I don’t think anyone knows that the name of this blog, “A Mercy Case,” came from the Hindu story of Jagai and Madhai. In short, two sinful guys (Jagai and Madhai) throw an earthen pot at a religious person named Nityananda, causing his face to bleed. Nityananda’s spiritual master, Chaitanya, is about to kill them in response, but Nityananda intercedes and they are spared. Moved by this act of compassion, Jagai and Madhai reform their lives and follow the teachings of Chaitanya.

Back in March 2008 (when this blog began), a Hindu friend described the incident of Jagai and Madhai as “a mercy case,” and that was my inspiration.

jagaimadhai2

In my very first post, I alluded to this:

Guidance can sometimes come from the most unexpected of places. The inspiration to write came from a chance encounter a week ago, and the title of this endeavor came from a phrase used by a friend of mine who is not a Muslim. Wherever we turn, God is there, no matter how often we forget.

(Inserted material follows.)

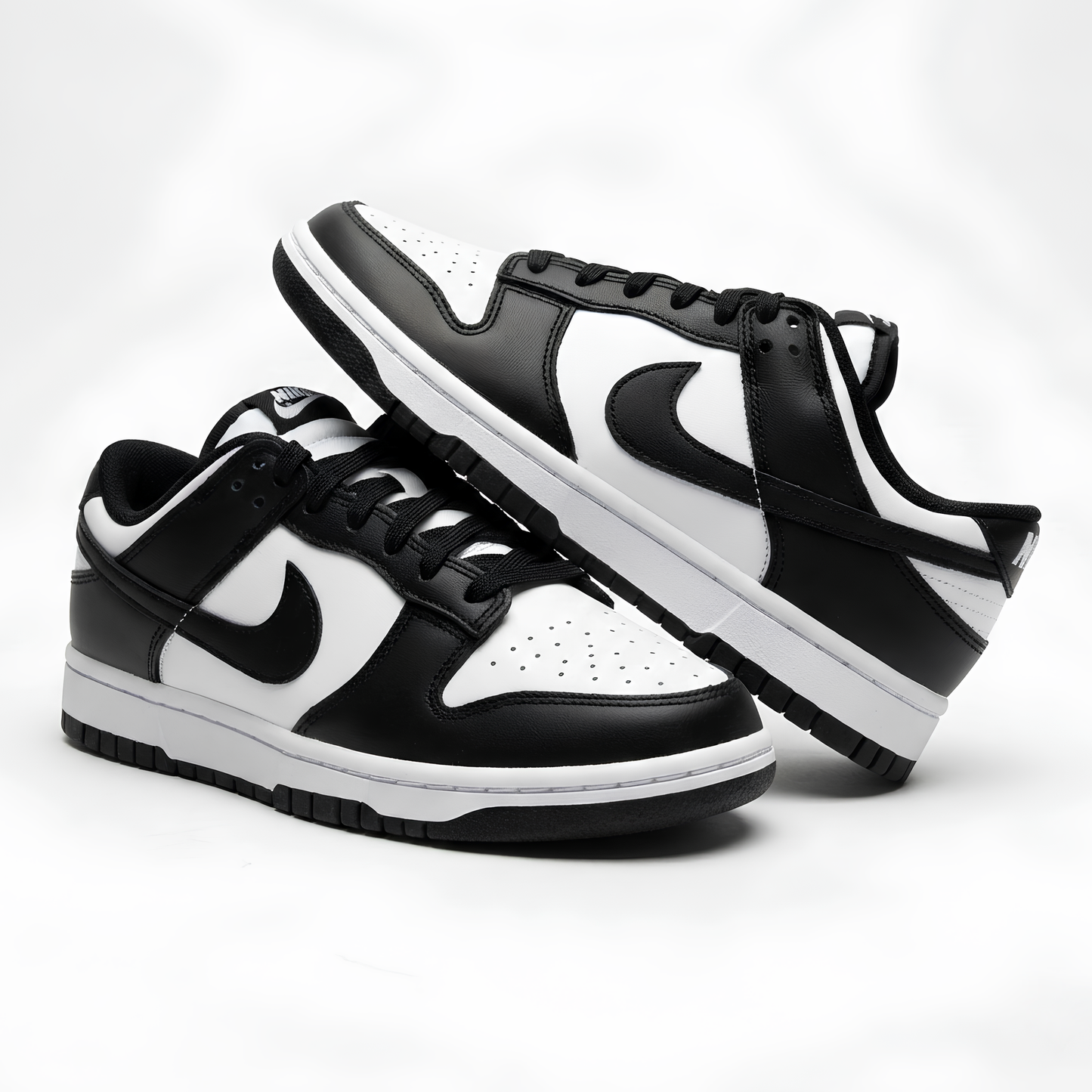 Black and white sneakers with Nike logo on a light gray background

The same Truth still holds today.

I have lived the last 10 years in the tension between believing that God is guiding me and admitting the possibility that I am in a state of delusion. The atheist surely believes I am deluded, whereas a Hindu might consider me to be more or less going in the right direction, but with some serious modifications to be made if I want to succeed at the moment of my death. But the most important thing to me is that, if you have lived life through my eyes, then God is surely real and in whom else can I possibly hope except the One who is with me wherever I am. And I can not live life through any eyes but my own, as much as I may wish I were able to experience existence the way millions of others do. Only God can do that.

لَّا تُدْرِكُهُ الْأَبْصَارُ وَهُوَ يُدْرِكُ الْأَبْصَارَ وَهُوَ اللَّطِيفُ الْخَبِيرُ

No vision can take Him in, but He takes in all vision. He is the All Subtle, the All Aware.

Over the last 10 years, these posts have contained many many quotes. It is inevitable that our religious ideas are formed by the ideas of others. And so I want to share a quote (see video below) on this special occasion that describes my experience of faith probably better than anything else. Maybe in the next ten years faith will mean something different to me than it does now, but I do not know my future. All I know is my present and what I can remember of the past. It is no surprise to me that this quote comes from Hamza Yusuf, one of my teachers and someone who has had a lasting impact on thousands if not millions. Whenever I speak with him, I am reminded that we are both searchers.

Almost without a doubt, 10 years from now some of us will not be here. Only God knows. Best to keep on doing our best, worshiping our Lord until certainty comes.

May the Most Merciful of those who show mercy lead us all into Eternal Mercy, ameen.